How to count unique values of a column in pandas DataFrame? – When working on machine learning or data analysis with pandas we are often required to get the count of unique or distinct values from a single column or multiple columns.
You can get the number of unique values in the column of pandas DataFrame using several ways like using functions Series.unique.size, Series.nunique(), Series.drop_duplicates().size().

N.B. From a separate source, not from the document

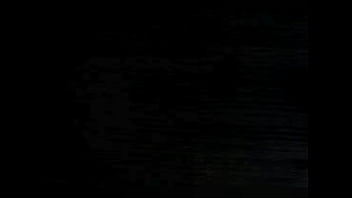 Dark side of megumin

Since the DataFrame column is internally represented as a Series, you can use these functions to perform the operation.
1. Quick Examples of Count Unique Values in Column
Following are quick examples of how to count unique values in column.
#Below are quick examples
# Get Unique Count using Series.unique()
count = df.Courses.unique().size
# Using Series.nunique()
count = df.Courses.nunique()
# Get frequency of each value
frequence = df.Courses.value_counts()
# By using drop_duplicates()
count = df.Courses.drop_duplicates().size
#Count unique on multiple columns
count = df[['Courses','Fee']].drop_duplicates().shape[0]
print(count)
#Count unique on multiple columns
count = df[['Courses','Fee']].nunique()
#count unique values in each row
#df.nunique(axis=1)
Let’s create a DataFrame.
import pandas as pd
import numpy as np
technologies = {
'Courses':["Spark","PySpark","Python","Pandas","Python","Spark","Pandas"],
'Fee' :[20000,25000,22000,30000,25000,20000,30000],
'Duration':['30days','40days','35days','50days','40days','30days','50days'],
'Discount':[1000,2300,1200,2000,2300,1000,2000]
}
df = pd.DataFrame(technologies)
print(df)
Yields below output.
Courses Fee Duration Discount
0 Spark 20000 30days 1000
1 PySpark 25000 40days 2300
2 Python 22000 35days 1200
3 Pandas 30000 50days 2000
4 Python 25000 40days 2300
5 Spark 20000 30days 1000
6 Pandas 30000 50days 2000
2. Pandas Count Unique Values
To count unique values in the pandas dataframe column use Series.unique()
function and then call the size
to get the count. Series.unique()
function get all unique values from a column by removing duplicate values and this function returns a ndarray
with unique value in the order of appearance and the results are not sorted.
Syntax: Series.unique()
Example:
# Get Unique Count using Series.unique()
count = df.Courses.unique().size
print("Unique values count : "+ str(count))
# Output
# Unique values count : 4
3. Series.nunique()
Alternatively, you can also try using Series.nunique()
, this returns the number of unique elements in the object excluding NaN
values. If you wanted to include NaN
values use dropna
param to False
.
Syntax: Series.nunique(dropna=True)
Example:
# Using Series.nunique()
count = df.Courses.nunique()
print("Unique values count : "+ str(count))
# Outputs
# Unique values count : 4
4. Using Series.drop_duplicates()
User Series drop_duplicates() to remove the distinct values from coumn and use the size to get the count.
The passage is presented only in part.